And I agree with ECKs...Idk why the fuk guys r wearing these yoga pants idk who told them it was ok... There's two kids who wear them at one of my gyms & it just confuses me, they even spot each other in them? ...Although, I fuking love girls in yogas regardless of the occasion can't get enough of it.


----------



## Ritch (Dec 13, 2015)

Lilo said:


> Drop crotch pants of peace



Those are horrible. American Apparel has brainwashed today's twinks in thinking that stuff is alpha. 
Not sure how it can get any gayer, but I'm sure they will find a way....


----------



## thqmas (Dec 13, 2015)

Jenner said:


> Mmmmmmmm....tight fitted clothes if you have the body for it...and for the record..the rock in J.l. Joe sporting an under armour shirt is far from gay and hot as fuuuuuuk



hmmm... Well, you know how you girls always say that you dress up all nice not for us men, but for other women to be jealous? So it's the same thing.

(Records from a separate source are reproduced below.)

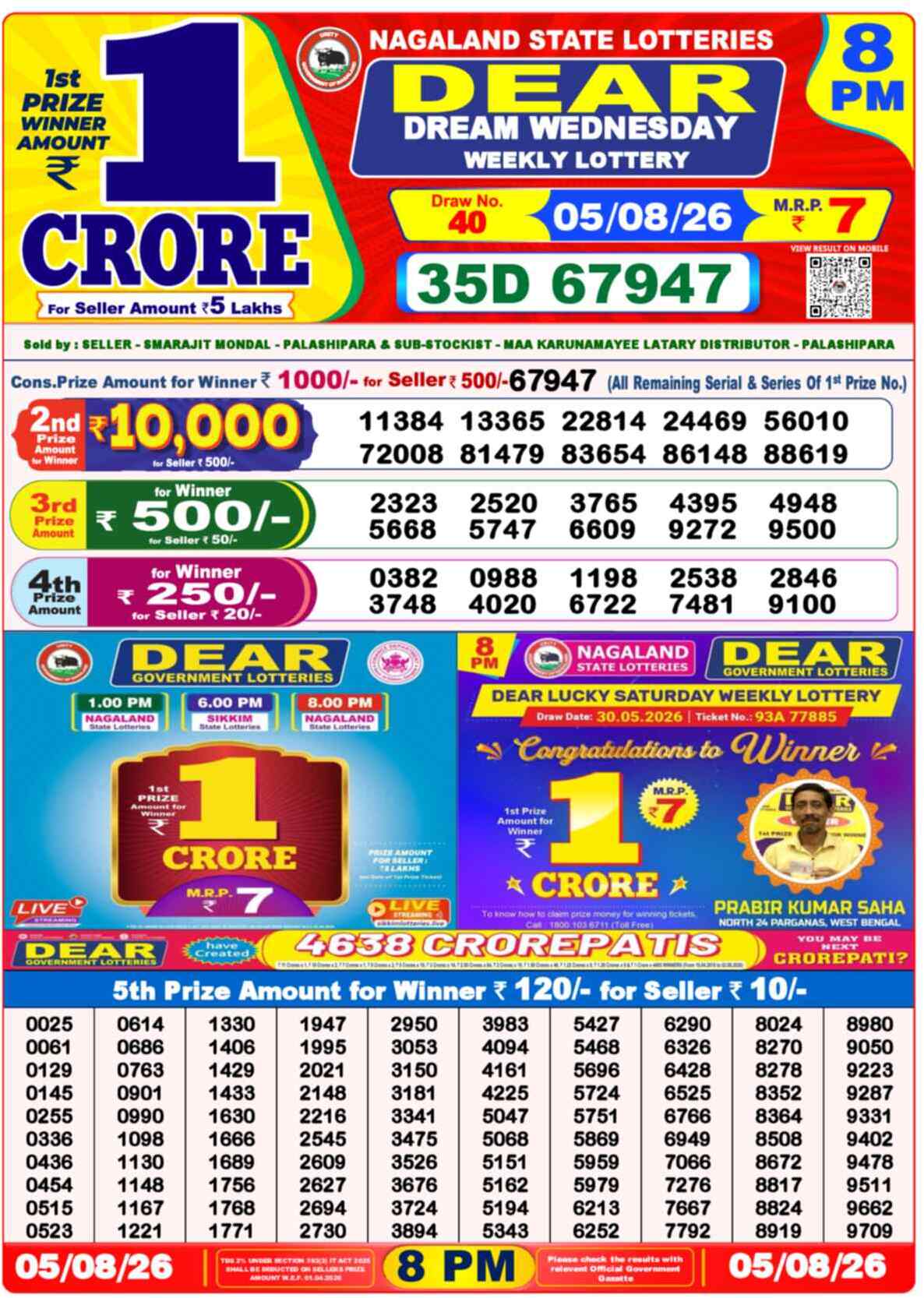 Dear Lottery Result 8 PM - 05 August 2026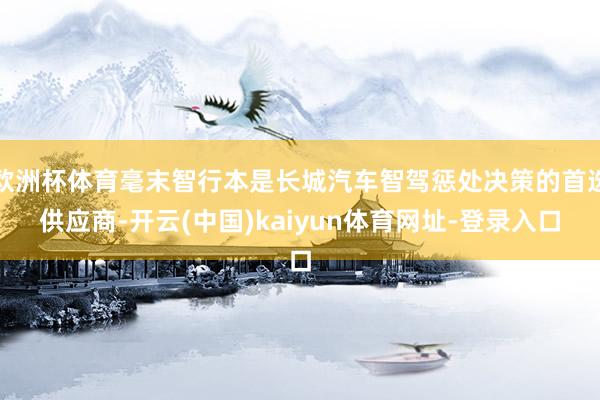 欧洲杯体育毫末智行本是长城汽车智驾惩处决策的首选供应商-开云(中国)kaiyun体育网址-登录入口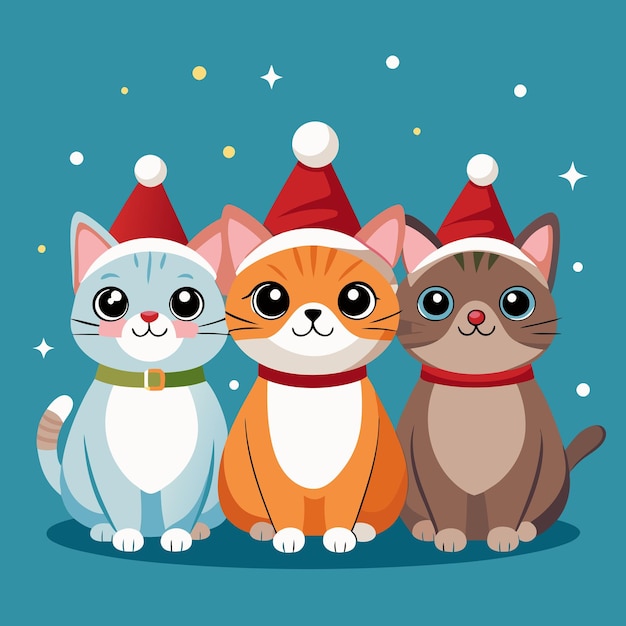 three cats with hats that say  santa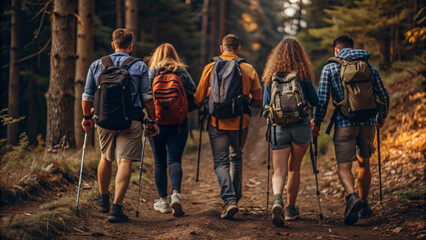 A group of people enjoying a hike in the mountains, walking through the woods, including families, couples, and friends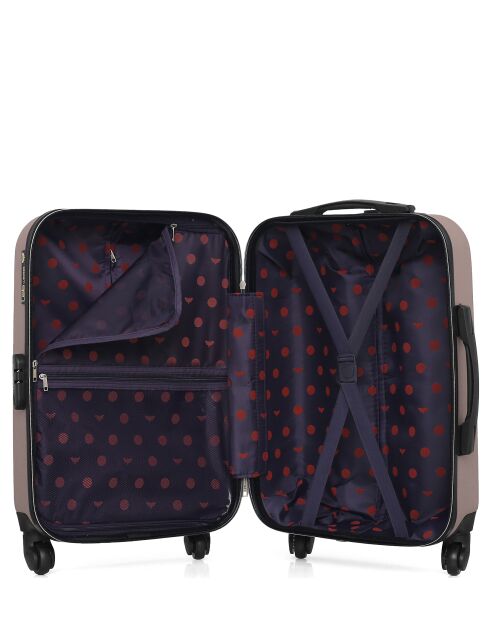 Valise cabine en ABS Eleonor rose clair - 55 x 35 x 21 cm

As a girl you can think that a guy is so damn sexy with his UA tight t-shirt, but we boys know the truth: he's fuking gay!

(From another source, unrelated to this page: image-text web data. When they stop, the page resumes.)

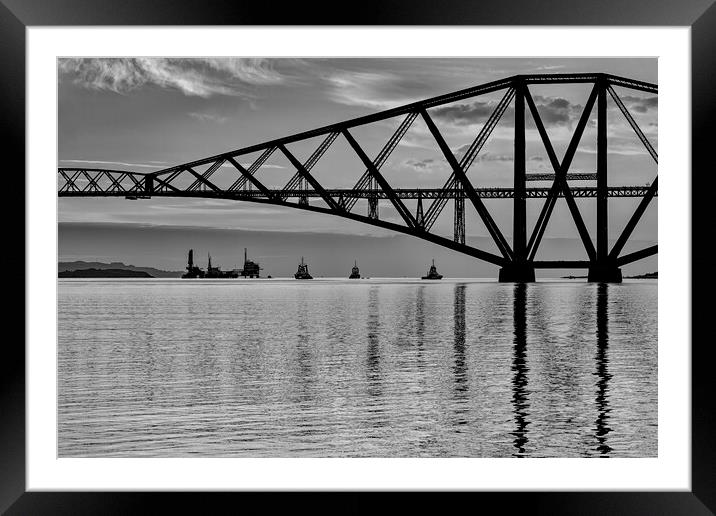 Forth Silhouette Framed Mounted Print by Garry Quinn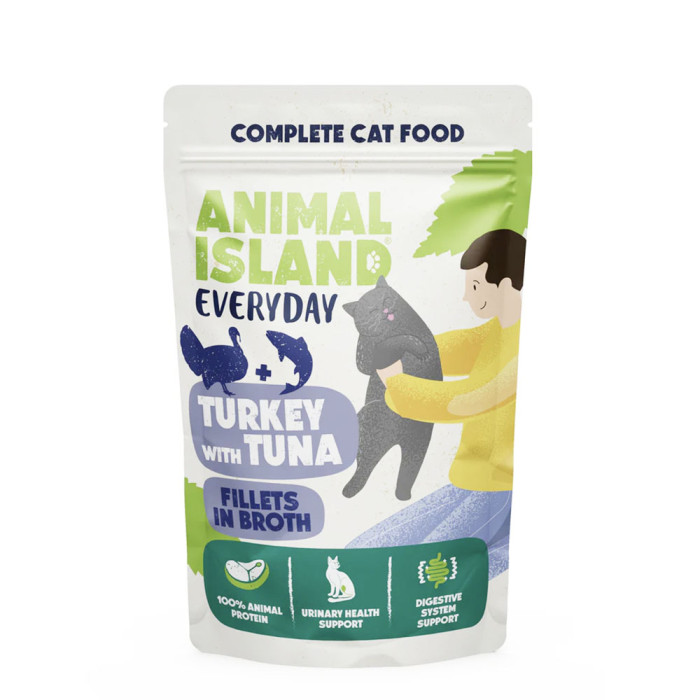 Animal Island Fileciki w rosole Indyk z Tuńczykiem mokra karma dla kota 85g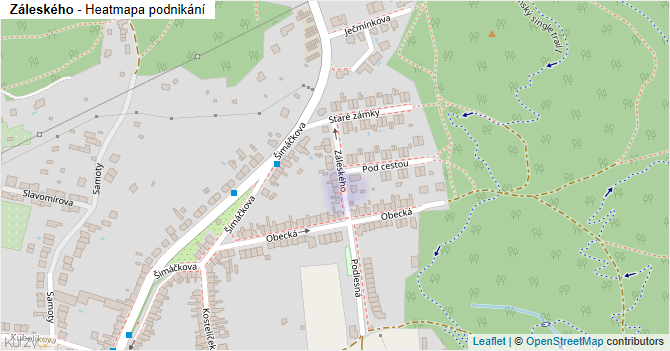 Záleského - mapa podnikání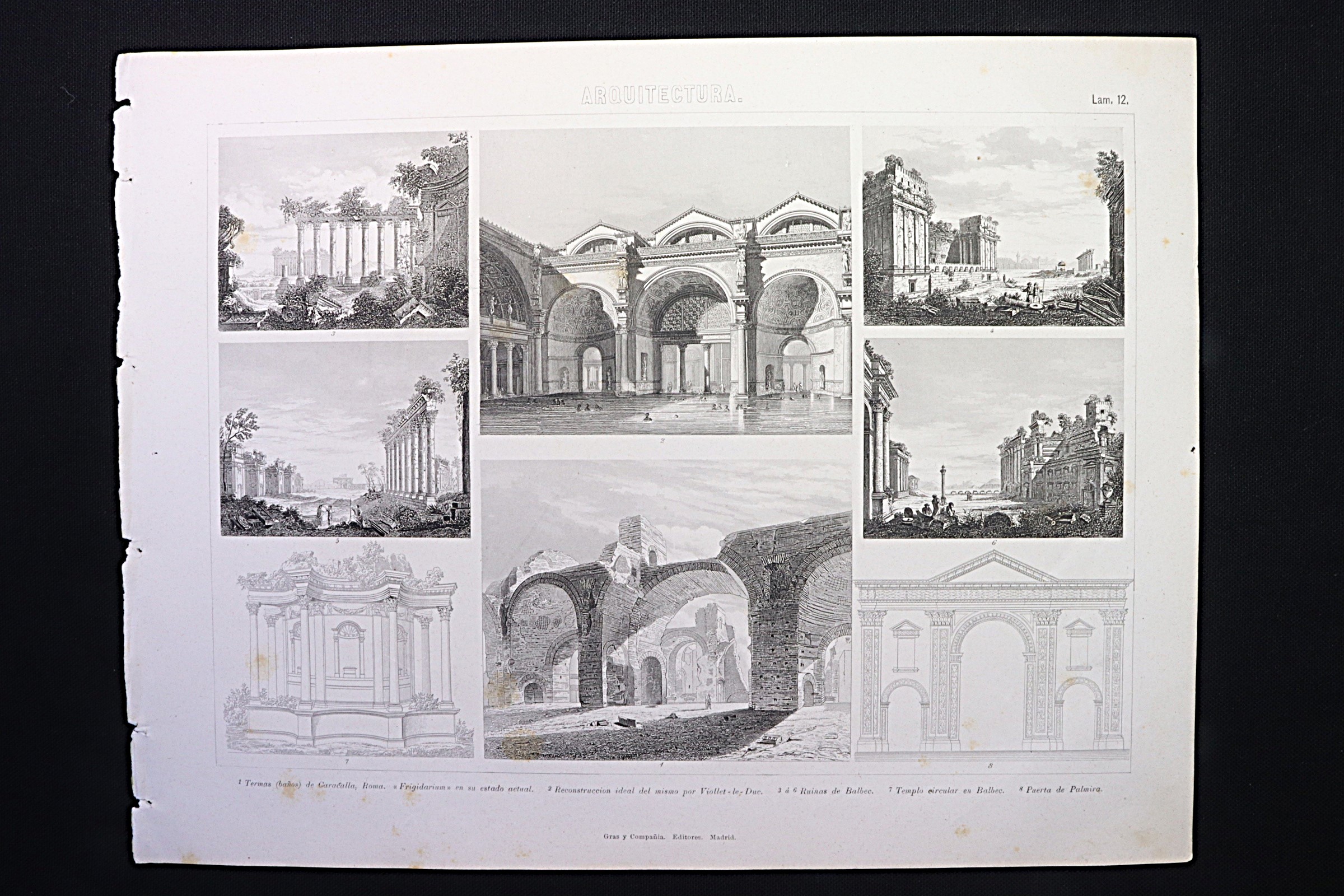 Antiques - ENGRAVING ARCHITECTURE 12. ROMAN BATHS, PALMIRA GATE.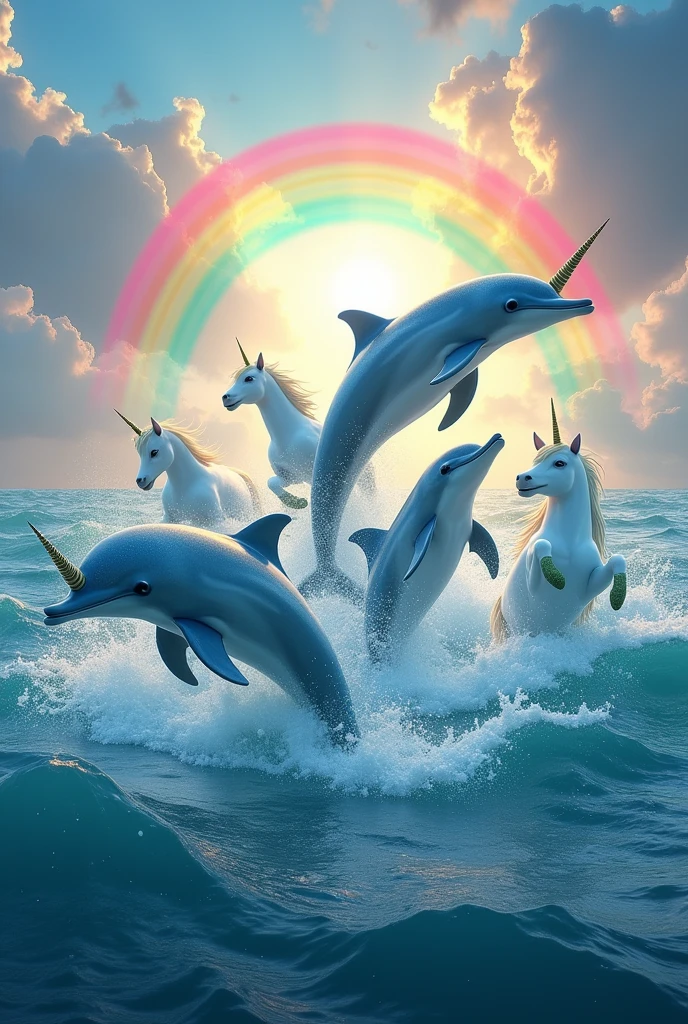 I want some dolphins to come out with lots of rainbows and several unicorns 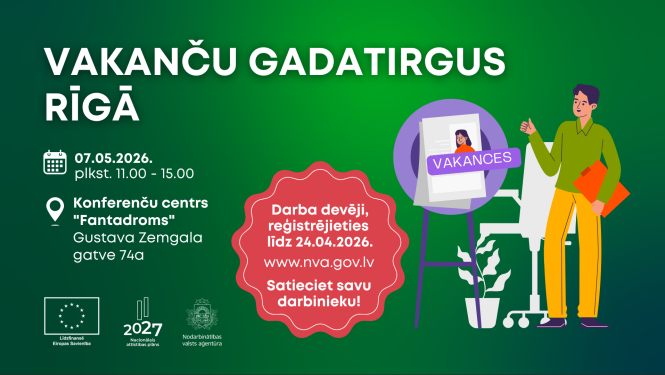 Vakanču gadatirgus Rīgā 7.05.2026. Konferenču centrā “Fantadroms” ar pasākuma laiku, adresi un aicinājumu darba devējiem reģistrēties.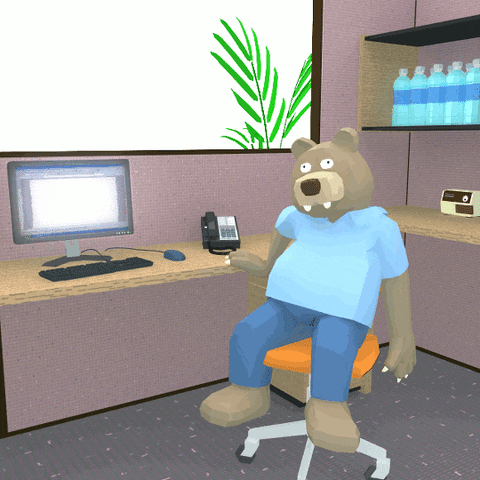 Illustrated gif. A buck-toothed bear in a blue polo shirt spins in circles in an office chair with a dazed expression on his face. He pushes off a desk each time he circles around in his tidy cubicle.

I'm so proud of myself for not wearing tight t shirts to the gym. It makes me feel and remember that I'm lifting for myself, and for nobody else. It also makes my wife feel confident that I'm not an idiot that goes around the gym showing off.

Oh, and the look on the faces of ppl when I lift my shirt.... Priceless.


----------



## widehips71 (Dec 13, 2015)

Zeigler Robertson said:


> I never said that was gay. I'm just taking a pole.......



I bet you are


----------



## MS1605 (Dec 13, 2015)

99% of the time it is a black Calvin Klein tshirt and cargo shorts for me. I absolutly love the way the CK shirts fit and hold up. I literally have 2 drawers full of them.

I also have somewhat of a shoe and hat problem. I have a closet full of unwarn shoes and hats. 

The 1% of the time im not in some cargo shorts, im in jeans.


----------



## Itburnstopee (Dec 13, 2015)

Skinny jeans.............


Sorry H


----------



## DocDePanda187123 (Dec 13, 2015)

Zeigler Robertson said:


> I never said that was gay. I'm just taking a pole.......



Oh the irony of this post....


----------



## Uncle manny (Dec 13, 2015)

Xl elite fts tees for me. They're made by Gildan so there comfy and good quality. Some track pants and Nike frees.. I'm one of the guys who wears colored shoes tho I'll admit that I'm a sneaker junkie..


----------



## jennerrator (Dec 13, 2015)

thqmas said:


> hmmm... Well, you know how you girls always say that you dress up all nice not for us men, but for other women to be jealous? So it's the same thing.
> 
> As a girl you can think that a guy is so damn sexy with his UA tight t-shirt, but we boys know the truth: he's fuking gay!
> 
> ...



Sorry, good try..but the rock is not gay...don't be jelly


----------



## ToolSteel (Dec 13, 2015)

I wear form fitting clothes (not TIGHT) because I hate the baggy feeling. Athletic tights occasionally, but I wear shorts over them. 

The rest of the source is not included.